Le même résultat a été observé à l’aide de la construction de bibliothèques à fragmentation prêtes à être transposées par l’ADN. Le contrôle de qualité de taille de l’ADN de HMW aiguille-cisaillé par l’électrophoresis de gel de champ d’impulsion a prouvé que la majorité de l’ADN de HMW était plus grand que 50 kilobases. Les résultats de quatre séries utilisant la cellule HG00733 ont montré que le N50 d’une bibliothèque mécanique à base de cisaillement était plus court qu’une bibliothèque à fragmentation de transposase.
En outre, les quatre pistes avaient plus de 2300 lectures avec une longueur de plus de 100 kilobases. La longueur maximale était plus longue dans les bibliothèques à fragmentation de transposase avec son temps de préparation plus court, par rapport aux bibliothèques mécaniques à base de cisaillement. Les bibliothèques mécaniques à base de cisaillement ont produit des lectures plus totales par rapport aux bibliothèques à fragmentation de transposase, ce qui indique un rendement plus élevé.

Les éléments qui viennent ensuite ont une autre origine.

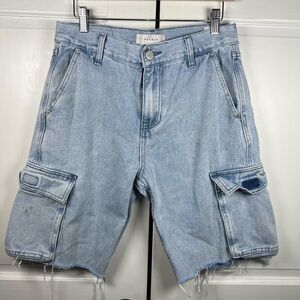 PacSun Great Condition Denim Cut off Cargo Shorts Blue Light Wash Size 30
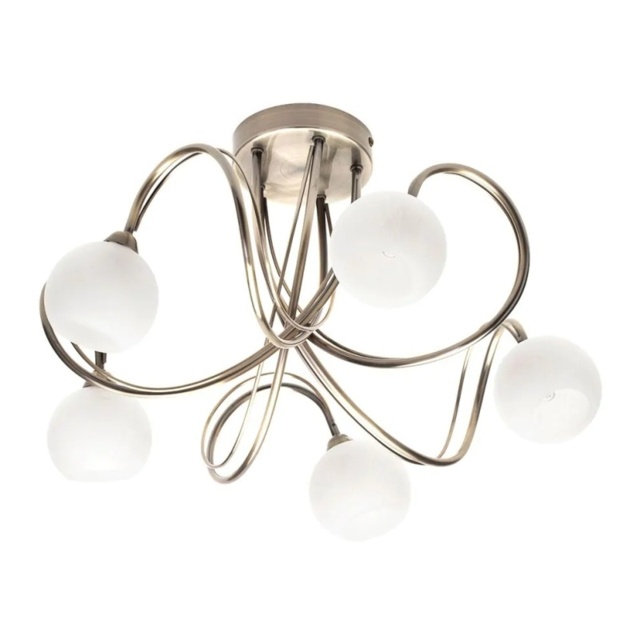 BHS Soni Large 5 Light Flush Ceiling Light - Antique Brass - image 1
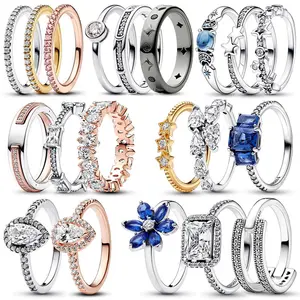 925 Silver Classic Sparkling Meteor Ladies Love Heart Snowflake Ring Girlfriend Festival Exquisite Charm Jewelry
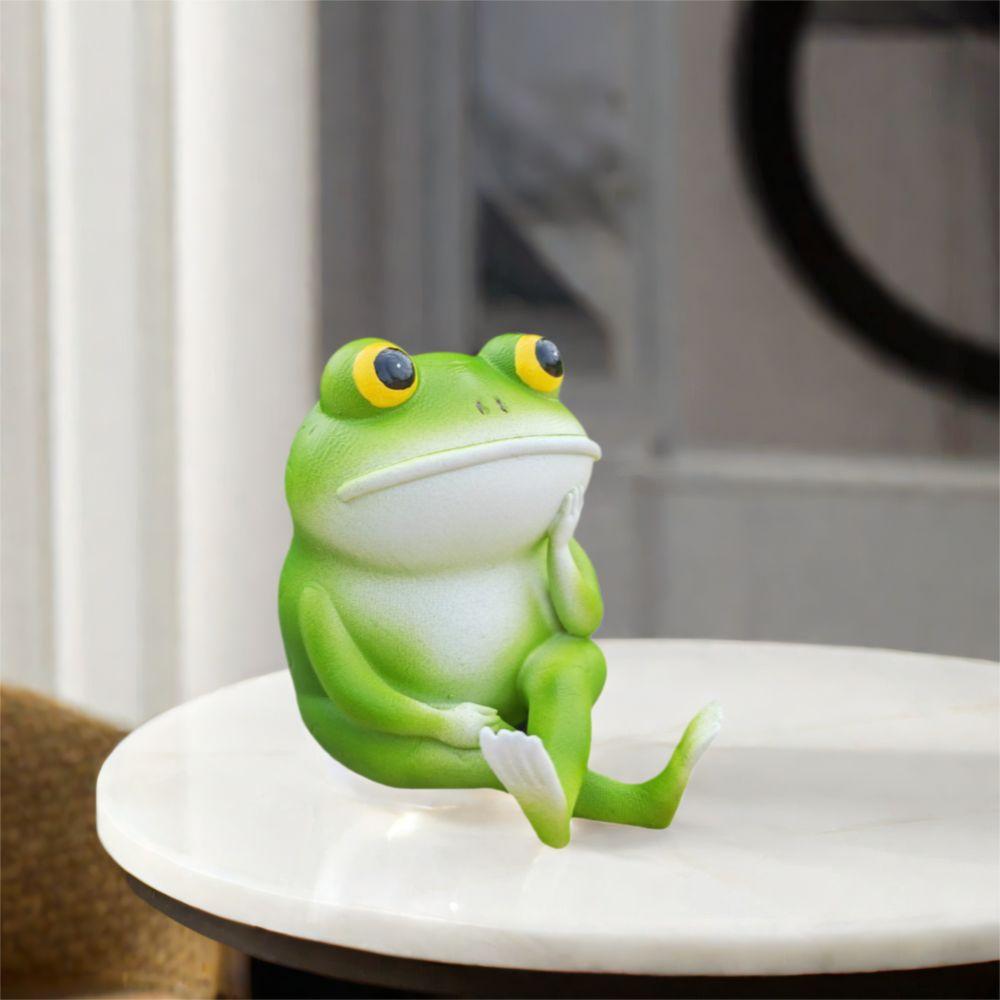 Мультяшная фигурка думающей лягушки, милое украшение животного, креативная маленькая статуэтка лягушки, для дома, для рабочего стола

Les deux bibliothèques ont montré une qualité constante et plus de 97% de leurs bases totales ont été alignées avec le génome de référence humain. Les distributions de taille prévues ont montré que les quatre séries avaient une grande proportion de données supérieures à 50 kilobases, tandis que les bibliothèques à fragmentation de transposase avaient un ratio plus élevé de lectures ultra-longues. L’objectif global est de garder l’ADN intact, il est donc important d’éviter toute manipulation sévère de l’ADN.
Un facteur clé qui peut maximiser la valeur de la méthode est l’analyse computationnelle. Notre équipe a mis au point un pipeline d’analyse à long terme appelé PICKY qui peut détecter une gamme complète de VUS à haute sensibilité. Il ouvrira de nouvelles voies à des domaines passionnants comme la détection de SVs complexes et les réarrangements et modifications progressives au niveau de la molécule unique.
Cela améliorera considérablement notre compréhension de l’architecture du génome. Le phénol est très corrosif. Vous devez travailler avec elle dans une hotte de fumée avec de l’équipement de protection individuelle, y compris des gants, des lunettes de sécurité, un manteau de laboratoire, des pantalons longs et des chaussures.